JONATHAN CHAIT OCTOBER 1, 2010
Diane Ravitch, the converted anti-education reform apostle, rages against teacher-bashing:
For the past week, the national media has launched an attack on American public education that is unprecedented in our history. NBC devoted countless hours to panels stacked with "experts" who believe that public education is horrible because it has so many "bad" teachers and "bad" principals. The same "experts" appeared again and again to call for privatization, breaking teachers' unions, and mass firings of "bad" educators.
The scare quotes seem to imply, do they not, that there is no such thing as bad teachers. If so, that would make teaching the only profession in the world exempt from incompetence.
Ravitch proceeds to argue that it really is easy to fire teachers:
The claim that "tenure" is a guarantee of lifetime employment is a canard. Professors in higher education get lifetime tenure, but teachers in K-12 schools do not have lifetime employment: they have the right to due process if the principal wants to fire them. Teachers get due process rights only after a principal agrees that they have earned it. The reason for due-process rights is that teachers have been fired because of their race, their religion, their sexual orientation, or because a supervisor didn't like them. Teachers with due process can be fired, but only after a hearing by an impartial hearing officer.

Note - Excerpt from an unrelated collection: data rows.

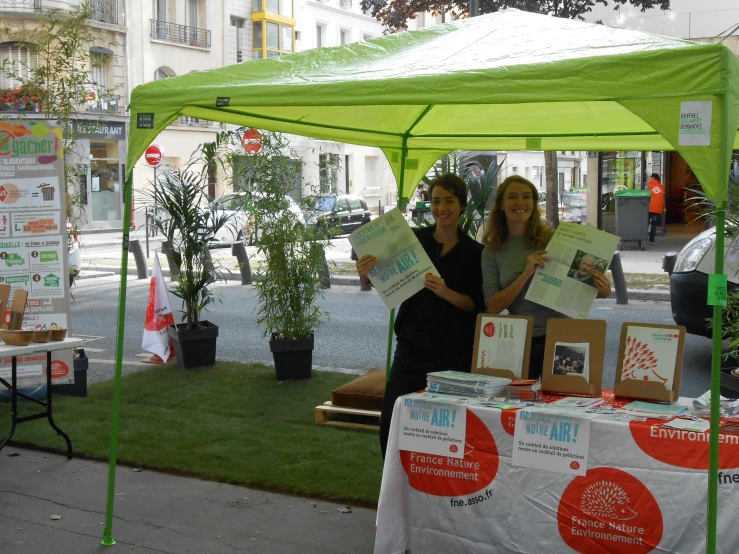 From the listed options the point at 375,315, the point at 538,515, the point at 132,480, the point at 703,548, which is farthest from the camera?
the point at 375,315

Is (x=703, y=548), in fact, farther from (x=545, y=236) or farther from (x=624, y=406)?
(x=545, y=236)

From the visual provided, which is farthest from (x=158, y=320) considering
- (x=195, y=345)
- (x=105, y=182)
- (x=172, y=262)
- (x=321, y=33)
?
(x=321, y=33)

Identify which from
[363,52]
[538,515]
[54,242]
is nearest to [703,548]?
[538,515]

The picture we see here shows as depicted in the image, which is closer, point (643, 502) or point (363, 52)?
point (643, 502)

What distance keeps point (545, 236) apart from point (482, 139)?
204cm

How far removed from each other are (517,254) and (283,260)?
12.7ft

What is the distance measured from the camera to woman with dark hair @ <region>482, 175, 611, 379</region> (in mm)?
4684

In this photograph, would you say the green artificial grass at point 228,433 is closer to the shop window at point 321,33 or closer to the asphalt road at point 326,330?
the asphalt road at point 326,330

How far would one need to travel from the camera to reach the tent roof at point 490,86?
3383mm

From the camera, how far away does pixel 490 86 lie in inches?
147

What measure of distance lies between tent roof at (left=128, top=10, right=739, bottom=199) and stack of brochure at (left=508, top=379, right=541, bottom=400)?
1318 mm

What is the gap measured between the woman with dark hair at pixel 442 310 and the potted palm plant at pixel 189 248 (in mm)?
4165

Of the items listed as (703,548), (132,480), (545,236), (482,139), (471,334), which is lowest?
(132,480)

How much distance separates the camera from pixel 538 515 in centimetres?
382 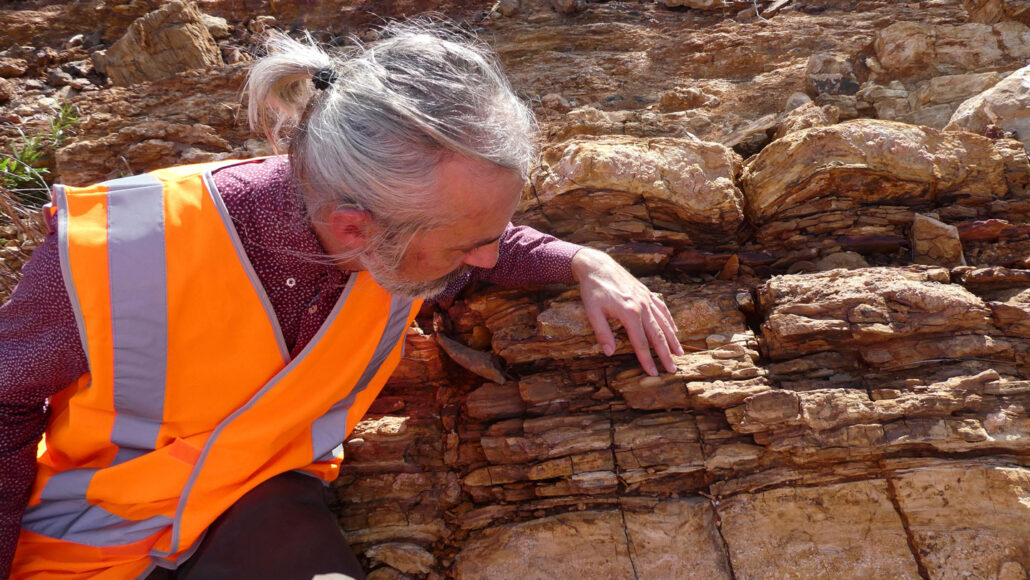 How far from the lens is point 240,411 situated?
180cm

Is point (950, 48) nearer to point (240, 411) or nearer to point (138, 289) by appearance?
point (240, 411)

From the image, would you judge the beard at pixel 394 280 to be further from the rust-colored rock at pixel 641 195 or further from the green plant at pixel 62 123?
the green plant at pixel 62 123

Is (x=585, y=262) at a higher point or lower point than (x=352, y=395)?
higher

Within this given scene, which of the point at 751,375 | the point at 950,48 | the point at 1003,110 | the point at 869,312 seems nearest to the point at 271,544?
the point at 751,375

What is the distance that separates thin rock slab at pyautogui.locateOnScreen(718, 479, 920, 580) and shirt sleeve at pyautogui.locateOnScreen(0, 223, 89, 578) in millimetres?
2033

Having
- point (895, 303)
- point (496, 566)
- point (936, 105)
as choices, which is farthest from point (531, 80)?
point (496, 566)

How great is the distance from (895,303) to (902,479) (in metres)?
0.63

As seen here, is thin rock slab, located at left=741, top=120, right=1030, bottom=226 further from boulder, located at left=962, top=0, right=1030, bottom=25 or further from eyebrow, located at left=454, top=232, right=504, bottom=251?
boulder, located at left=962, top=0, right=1030, bottom=25

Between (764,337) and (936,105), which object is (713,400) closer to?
(764,337)

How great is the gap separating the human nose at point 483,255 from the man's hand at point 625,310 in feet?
1.73

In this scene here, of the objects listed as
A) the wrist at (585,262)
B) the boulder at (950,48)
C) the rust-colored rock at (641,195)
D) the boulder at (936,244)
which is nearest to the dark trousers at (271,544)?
the wrist at (585,262)

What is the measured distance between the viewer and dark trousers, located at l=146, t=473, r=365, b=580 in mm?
1797

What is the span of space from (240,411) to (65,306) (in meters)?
0.52

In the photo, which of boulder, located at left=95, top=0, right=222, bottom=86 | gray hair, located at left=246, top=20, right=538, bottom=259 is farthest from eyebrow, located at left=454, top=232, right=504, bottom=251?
boulder, located at left=95, top=0, right=222, bottom=86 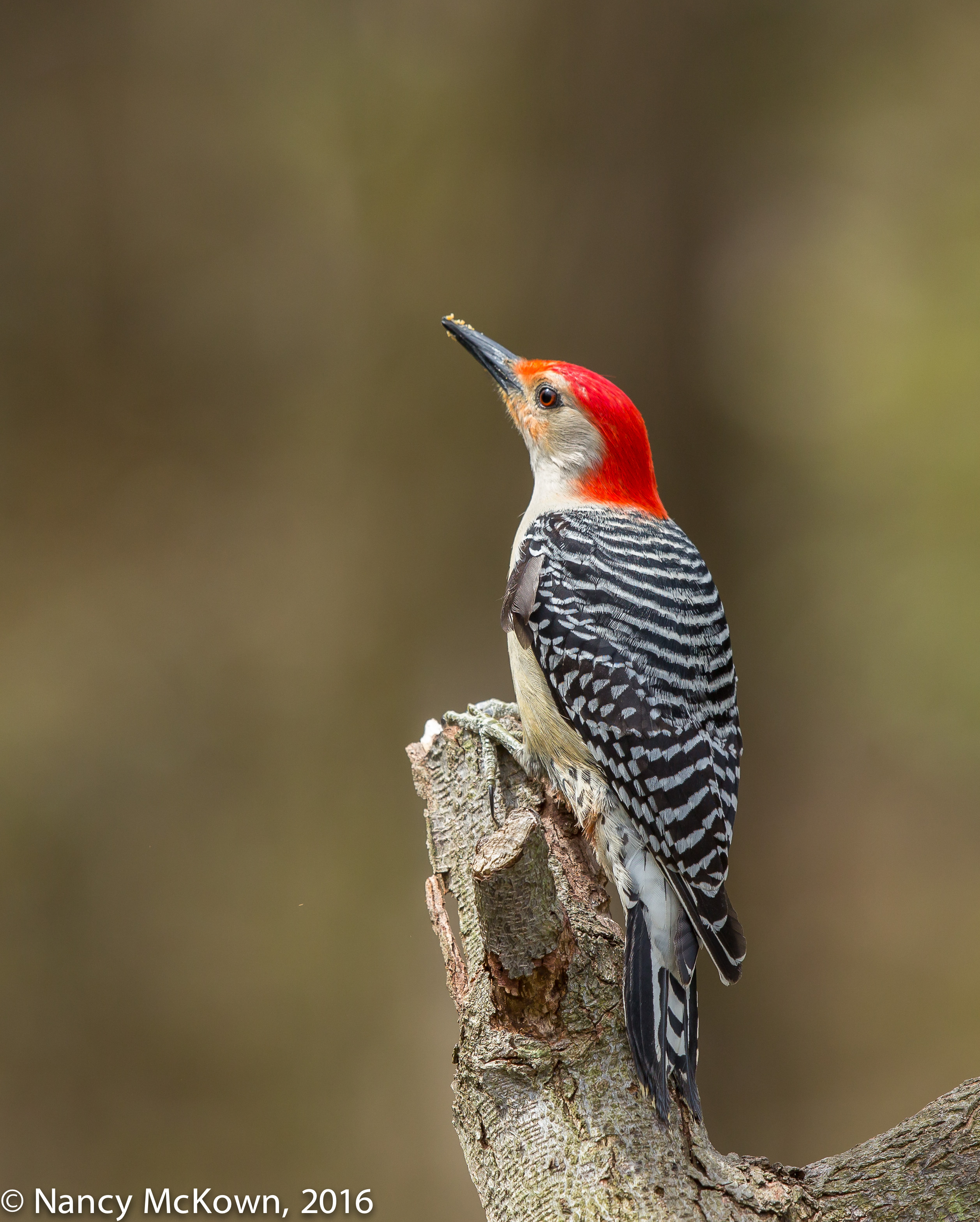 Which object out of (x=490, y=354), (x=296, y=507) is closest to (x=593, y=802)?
(x=490, y=354)

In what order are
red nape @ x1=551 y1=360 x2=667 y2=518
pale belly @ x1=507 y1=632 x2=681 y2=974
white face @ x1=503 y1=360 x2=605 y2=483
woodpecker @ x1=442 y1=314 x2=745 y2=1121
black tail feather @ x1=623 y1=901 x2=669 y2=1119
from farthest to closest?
white face @ x1=503 y1=360 x2=605 y2=483, red nape @ x1=551 y1=360 x2=667 y2=518, pale belly @ x1=507 y1=632 x2=681 y2=974, woodpecker @ x1=442 y1=314 x2=745 y2=1121, black tail feather @ x1=623 y1=901 x2=669 y2=1119

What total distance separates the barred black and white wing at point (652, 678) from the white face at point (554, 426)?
0.24 m

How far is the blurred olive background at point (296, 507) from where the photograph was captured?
528 centimetres

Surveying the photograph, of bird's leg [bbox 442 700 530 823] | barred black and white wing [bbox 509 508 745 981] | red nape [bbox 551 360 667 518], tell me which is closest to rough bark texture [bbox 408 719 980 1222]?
barred black and white wing [bbox 509 508 745 981]

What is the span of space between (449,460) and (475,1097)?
3.37 meters

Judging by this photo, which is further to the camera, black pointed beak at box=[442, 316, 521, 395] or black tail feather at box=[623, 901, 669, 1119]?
black pointed beak at box=[442, 316, 521, 395]

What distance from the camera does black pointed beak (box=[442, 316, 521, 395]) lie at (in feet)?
14.1

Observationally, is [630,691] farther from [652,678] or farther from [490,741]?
[490,741]

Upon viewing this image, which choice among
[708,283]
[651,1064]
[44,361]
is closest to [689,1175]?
[651,1064]

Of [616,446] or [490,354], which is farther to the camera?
[490,354]

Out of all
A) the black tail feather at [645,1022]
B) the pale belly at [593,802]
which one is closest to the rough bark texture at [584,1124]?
the black tail feather at [645,1022]

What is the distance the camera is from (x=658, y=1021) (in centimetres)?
270

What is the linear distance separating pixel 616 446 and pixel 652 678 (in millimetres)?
1015

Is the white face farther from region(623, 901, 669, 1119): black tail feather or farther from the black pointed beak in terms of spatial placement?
region(623, 901, 669, 1119): black tail feather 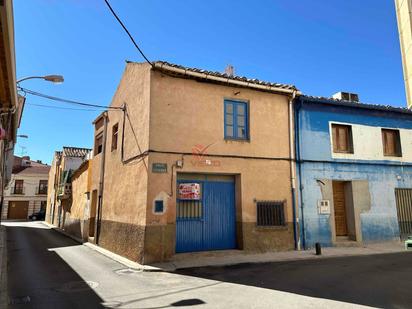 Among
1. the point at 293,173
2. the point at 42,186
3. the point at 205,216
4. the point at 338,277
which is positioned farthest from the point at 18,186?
the point at 338,277

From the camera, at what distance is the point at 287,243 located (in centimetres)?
1134

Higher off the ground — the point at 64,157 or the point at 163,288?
the point at 64,157

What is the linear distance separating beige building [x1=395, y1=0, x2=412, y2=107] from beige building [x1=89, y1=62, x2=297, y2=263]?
15.3 metres

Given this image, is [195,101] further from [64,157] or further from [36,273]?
[64,157]

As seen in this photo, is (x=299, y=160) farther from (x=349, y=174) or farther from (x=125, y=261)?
(x=125, y=261)

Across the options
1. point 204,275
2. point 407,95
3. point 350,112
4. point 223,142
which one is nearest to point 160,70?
point 223,142

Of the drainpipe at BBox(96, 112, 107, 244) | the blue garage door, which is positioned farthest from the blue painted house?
the drainpipe at BBox(96, 112, 107, 244)

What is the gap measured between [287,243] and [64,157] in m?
23.3

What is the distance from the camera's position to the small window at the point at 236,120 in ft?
37.3

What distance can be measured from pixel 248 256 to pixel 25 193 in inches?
1703

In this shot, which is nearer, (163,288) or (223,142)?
(163,288)

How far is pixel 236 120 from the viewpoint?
11.5m

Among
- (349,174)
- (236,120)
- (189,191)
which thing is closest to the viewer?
(189,191)

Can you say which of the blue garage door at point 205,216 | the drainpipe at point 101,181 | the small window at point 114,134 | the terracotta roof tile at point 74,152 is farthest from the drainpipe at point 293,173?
the terracotta roof tile at point 74,152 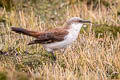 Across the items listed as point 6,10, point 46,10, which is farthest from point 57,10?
point 6,10

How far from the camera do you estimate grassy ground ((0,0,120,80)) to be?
6.57 meters

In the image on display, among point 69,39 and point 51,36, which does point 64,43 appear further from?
point 51,36

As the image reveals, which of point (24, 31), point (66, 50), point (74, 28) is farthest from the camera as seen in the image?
point (66, 50)

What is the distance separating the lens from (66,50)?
8.21 m

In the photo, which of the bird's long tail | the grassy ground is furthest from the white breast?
the bird's long tail

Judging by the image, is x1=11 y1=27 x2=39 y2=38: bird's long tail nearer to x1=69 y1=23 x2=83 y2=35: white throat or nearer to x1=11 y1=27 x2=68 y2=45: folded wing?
x1=11 y1=27 x2=68 y2=45: folded wing

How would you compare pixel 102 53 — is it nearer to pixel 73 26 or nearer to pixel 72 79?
pixel 73 26

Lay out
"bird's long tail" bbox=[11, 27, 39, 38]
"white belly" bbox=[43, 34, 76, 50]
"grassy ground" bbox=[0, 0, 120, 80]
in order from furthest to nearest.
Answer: "white belly" bbox=[43, 34, 76, 50] < "bird's long tail" bbox=[11, 27, 39, 38] < "grassy ground" bbox=[0, 0, 120, 80]

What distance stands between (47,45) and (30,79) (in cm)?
233

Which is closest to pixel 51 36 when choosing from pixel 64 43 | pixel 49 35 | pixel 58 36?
pixel 49 35

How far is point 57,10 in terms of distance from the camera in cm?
1198

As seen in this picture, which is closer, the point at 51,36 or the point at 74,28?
the point at 51,36

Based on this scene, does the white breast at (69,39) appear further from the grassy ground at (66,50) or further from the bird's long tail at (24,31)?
the bird's long tail at (24,31)

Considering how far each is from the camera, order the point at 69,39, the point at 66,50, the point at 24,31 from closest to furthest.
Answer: the point at 24,31 < the point at 69,39 < the point at 66,50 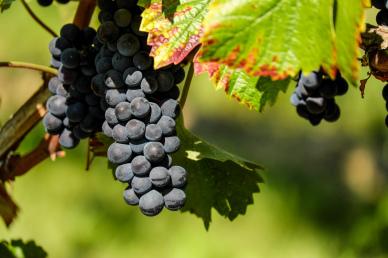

Ravitch's portrait of a system that smoothly processes teacher terminations, weeding out only clear bias, is hard to square with cases like, oh, this:
Mohammed’s case was the first to reach arbitration since the introduction of an initiative called Peer Intervention Program (P.I.P.) Plus, which was created to address the problem of tenured teachers who are suspected of incompetence, not those accused of a crime or other misconduct. P.I.P. Plus was included in the contract negotiated by Klein and Weingarten in 2007. The deal seemed good for both sides: a teacher accused of incompetence would first be assigned a “peer”—a retired teacher or principal—from a neutral consulting company agreed upon by the union and the city. The peer would observe the teacher for up to a year and provide counselling. If the observer determined that the teacher was indeed incompetent and was unlikely to improve, the observer would write a detailed report saying so. The report could then be used as evidence in a removal hearing conducted by an arbitrator agreed upon by the union and the city. “We as a union need to make sure we don’t defend the indefensible,” Weingarten told me. Klein and Weingarten both say that a key goal of P.I.P. Plus was to streamline incompetency arbitration hearings. It has not worked out that way.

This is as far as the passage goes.